Optimizer as the name suggest to optimize something.It is used to optimize and help to attain models efficiency and accuracy of prediction.It is the component in deep learning which closely works with loss function to improve model.Optimizer uses learning rate to increase or decrease weights and bias for model improvement.
How optimizer works?
According to universal approximation theorem anything in this world can be expressed in terms of function . To achieve that we use deep learning.In deep learning till now we have discussed about data, architecture and loss function.As we have seen in the previous post that loss function provide us direction and gradient to improve our model.If you haven't read the post kindly click here.After getting gradients and direction from loss function from differentiation, then we take step to change weights and bias of our model.
Firstly we will defined terms which is going to be used in following post to make you understand optimizer.
GRADIENT:-It is numerical number which is created through differentiation of loss function.

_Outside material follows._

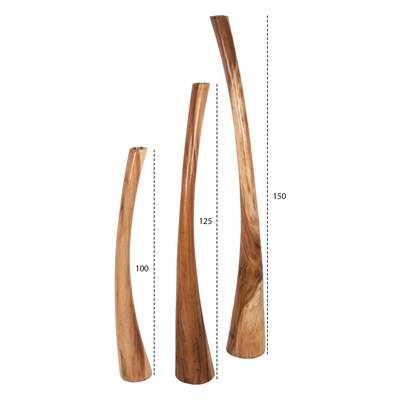 Mbajtëse qiriu dyshemeje 150–125–100 cm (HM4277)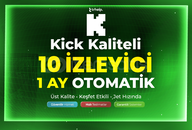 1 Ay - 10 Canlı Yayın İzleyici - Garanti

DIRECTION:-The nature of that numerical number which is created through differentiation is the direction in which we have move.Let say we get differentiation as -7.0. (-)this sign indicates us that in which direction we have to go.
STEPS:-How much steps you have taken to reach local minimum of your model.
LOCAL MINIMUM:-It is highest efficiency our model can achieve through this process.
Learning Rate:-It is numerical value which shows how much distance you have to cover in each steps.
Let say you have a model whose gradient plot is of above shape.According to Universal Approximation theorem if loss function values are less than model is more efficient. Your model efficiency is inversely proportional to loss function values.As loss function values decreases your model's efficiency will increase.So we take steps to decrease our loss function values.To decrease our loss function values we change weights and biases of our model by subtracting gradient into learning rate from weights and biases.
So through this our weights will change and our model efficiency change.
We will take our loss function example again here.Let say your friend is lost in jungle and get trapped in some dug/hole in jungle.And he is continously calling you.You only able to hear your friends voice and you follow it.You go in your friend's voice direction and takes small step so that you didn't miss him.And after some time you meet him with your friend and you both will become happy.Likewise your model efficiency is your friend which is somewhere in the jungle,differentiation of loss function is the voice of your friend.Differentiation gives you gradient and direction and learning rate which you will provide will be steps size which your model will take to reach efficiency.Using all gradient, direction and learning rate your model will raech efficiency and you will happy.
We have many default optimizer presents to use in deep learning which are stochastic gradient descent,ADAGRAD,ADAM etc.In all of above we provide learning rate to achieve efficiency of model.
CONCLUSION:-In this post we have explore basics of optimizer in which we have seen use of learning rate,gradient, direction.We try to understand in both technical and conceptual manner of optimizer in deep learning.